Edward Hugo Oehler (1903–1983) was an American Trotskyist.

==Biography==
An active trade unionist, Oehler joined the Communist Party USA in its early days, and by 1927 was a district organizer for the party in Kansas. He was also known for his ability to organize workers, both in the southern textile mills and the mines of Colorado.

At the 7th National Convention of the Communist Party USA in 1930, Oehler controversially demanded that the Trotskyists be permitted to rejoin the party, abruptly ending his career with the official party. He then joined James P. Cannon, Max Shachtman and Martin Abern in the Communist League of America, the nation's first Trotskyist group. He was soon elected to the group's governing National Committee.

Oehler remained a prominent member of the League, serving on the committee of the International Labor Defense following the Loray Mill Strike. He organised unemployed workers during the Minneapolis Teamsters Strike of 1934.

In 1934, the Communist League merged with A. J. Muste's American Workers Party, becoming the Workers Party of the United States, and later entered the Socialist Party of America as part of Trotsky's "French Turn." Oehler objected to this entrism as a tactic, believing that it would lead to the group becoming influenced by reformism, although once the group had entered, he argued that it should not leave, as this would be unprincipled. As a result, he exited the Workers Party in November 1935 to form the Revolutionary Workers League (RWL) with Tom Stamm and Sidney Lens.
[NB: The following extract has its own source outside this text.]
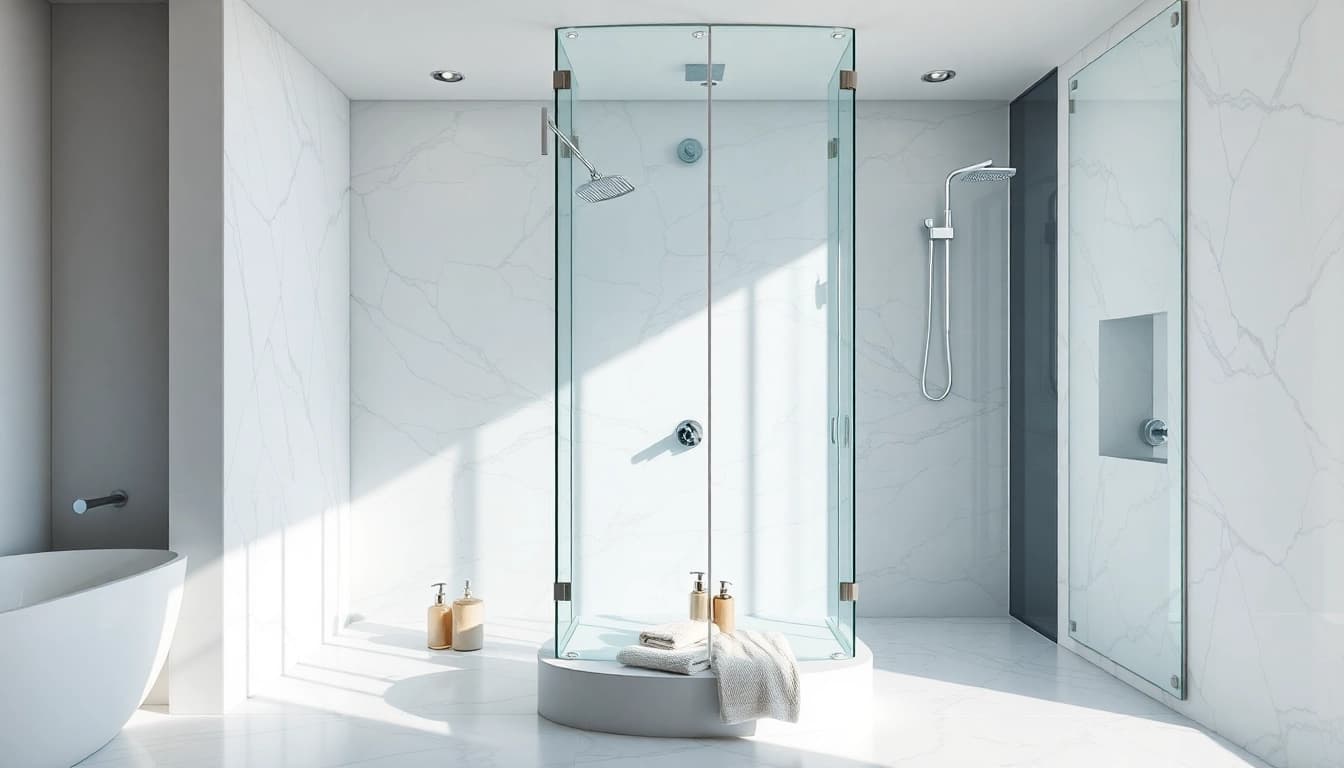 Paroi de douche en verre moderne apportant une touche d'élégance au bain.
During the Spanish Civil War, the RWL supported only the Workers' Party of Marxist Unification (POUM). Oehler visited Spain to report for the RWL, where he was involved in the Barcelona May Days struggles, and wrote Barricades in Barcelona about his experiences. When he tried to leave the country, he was arrested on charges of spying and held without communication with the outside world for a month, before eventually being permitted to return home.
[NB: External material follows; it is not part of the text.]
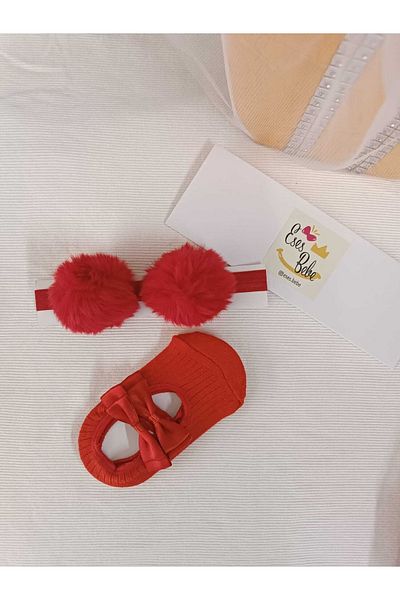 ESES BEBE Red Pompom Bandana Baby Ballerina Socks Set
In 1937, Oehler broke with Leon Trotsky, concluding that Trotsky had split with Marxism in 1934. Stamm countered that Trotsky had degenerated in 1928, and the two split. In 1939, he severely criticised Trotsky's position for an independent Ukraine. In a polemic, he described his main differences with the Trotskyists as being "on revolutionary defeatism, on support for left-bourgeois governments, on support for third capitalist parties".

With the declaration of the Trotskyist Fourth International, Oehler concentrated on finding international contacts, which he grouped into the Provisional International Contact Commission for the New Communist (Fourth) International. However, World War II proved the start of a dramatic decline for the RWL, which appears to have been disbanded in the early 1950s, and Oehler faded into obscurity.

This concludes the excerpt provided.